AOs are human. (Yup, though they may have ice in their veins). Of course, it’s easier to welcome those who show up when the room is empty and the line is sparser than when it gets crazy and there is a mob out there. Bear in mind that most applicants to these selective schools are often qualified. You often have to find reason to reject.

So, yeah, I do believe earlier gives you a better chance.

@cptofthehouse LOL that is a great analogy. No tin hat scenarios, just regular people in a tough job being biased in the regular human way. And in many cases not realizing they are doing it.

Reminds me a study of sentencing in courtrooms in Israel. The scientists wanted to see if they could identify variables that impacted how likely the judges were to give parole. After studying dozens of possible influences (gender, race, age, etc.) they found the variable with by far the highest correlation - the length of time since the judge had last taken a break and eaten. First thing in the morning the chances of parole were about 65%. Just before lunch or at the end of the day, nearly zero.

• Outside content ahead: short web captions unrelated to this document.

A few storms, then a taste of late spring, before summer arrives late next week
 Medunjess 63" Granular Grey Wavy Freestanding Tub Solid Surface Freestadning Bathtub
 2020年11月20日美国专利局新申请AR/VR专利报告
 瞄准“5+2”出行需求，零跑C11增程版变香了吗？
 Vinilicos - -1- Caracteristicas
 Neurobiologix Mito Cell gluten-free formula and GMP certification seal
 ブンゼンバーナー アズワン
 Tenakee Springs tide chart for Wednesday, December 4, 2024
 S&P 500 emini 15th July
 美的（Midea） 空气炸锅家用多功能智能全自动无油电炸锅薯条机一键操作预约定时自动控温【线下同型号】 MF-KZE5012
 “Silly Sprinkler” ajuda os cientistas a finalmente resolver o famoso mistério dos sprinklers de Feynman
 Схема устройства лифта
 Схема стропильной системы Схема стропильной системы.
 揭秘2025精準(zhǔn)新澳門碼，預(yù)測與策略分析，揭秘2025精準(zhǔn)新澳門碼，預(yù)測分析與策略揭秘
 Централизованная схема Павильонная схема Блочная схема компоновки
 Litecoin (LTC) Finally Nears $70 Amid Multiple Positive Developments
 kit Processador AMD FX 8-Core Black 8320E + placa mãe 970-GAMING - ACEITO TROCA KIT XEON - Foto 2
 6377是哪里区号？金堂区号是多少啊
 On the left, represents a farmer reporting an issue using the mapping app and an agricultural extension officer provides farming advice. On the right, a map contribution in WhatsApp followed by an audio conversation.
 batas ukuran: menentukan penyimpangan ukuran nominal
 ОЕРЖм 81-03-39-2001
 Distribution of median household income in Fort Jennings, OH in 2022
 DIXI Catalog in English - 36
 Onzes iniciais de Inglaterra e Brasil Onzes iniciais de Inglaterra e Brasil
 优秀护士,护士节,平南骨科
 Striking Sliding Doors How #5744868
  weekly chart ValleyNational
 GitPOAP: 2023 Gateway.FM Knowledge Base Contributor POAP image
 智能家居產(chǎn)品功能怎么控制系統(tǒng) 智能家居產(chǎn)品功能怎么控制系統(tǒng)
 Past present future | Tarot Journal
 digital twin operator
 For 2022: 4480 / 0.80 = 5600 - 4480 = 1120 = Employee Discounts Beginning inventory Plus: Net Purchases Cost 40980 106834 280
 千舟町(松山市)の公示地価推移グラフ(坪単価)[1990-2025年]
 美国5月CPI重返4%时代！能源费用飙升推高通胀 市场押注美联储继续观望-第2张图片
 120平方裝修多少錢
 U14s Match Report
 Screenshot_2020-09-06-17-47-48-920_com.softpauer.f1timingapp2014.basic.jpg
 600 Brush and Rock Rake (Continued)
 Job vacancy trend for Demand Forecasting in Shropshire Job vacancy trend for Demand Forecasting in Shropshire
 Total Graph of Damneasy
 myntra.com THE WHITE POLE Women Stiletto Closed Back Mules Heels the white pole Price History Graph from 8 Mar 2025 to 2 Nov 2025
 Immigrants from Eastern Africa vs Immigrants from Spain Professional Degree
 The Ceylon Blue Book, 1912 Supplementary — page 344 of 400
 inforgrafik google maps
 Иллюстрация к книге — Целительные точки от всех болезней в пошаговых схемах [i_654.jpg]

https://www.theguardian.com/law/2011/apr/11/judges-lenient-break

I think MIT imposes a strict % of accepts during EA season to make sure that there is no advantage to applying early. Most schools do not, as they want to be holistic about the process. I don’t think Harvard intended to give early applicants any edge. It’s just the way it turned out.

I think in court, the judge has to get tired of the SOS (same old stories ?) as the day goes on and I certainly can see where you are at a disadvantage later in the day. You start each day with some hope things are going to go just fine and give it all a fair ear but after a while, things get old. You don’t want to be the 1000th essay on the same hackneyed story.

Write your Essay over the summer and come back to school ready to apply EA when possible.

EA (and ED) also demonstrates to the AO’s that you’re organized, motivated, well-prepared, as well as interested in their school.
EA can showcase these qualities (potentially resulting in a very slight advantage over RD) which may be helpful at the more selective schools, when if deferred, an EA candidate may end up competing for a space with an RD candidate.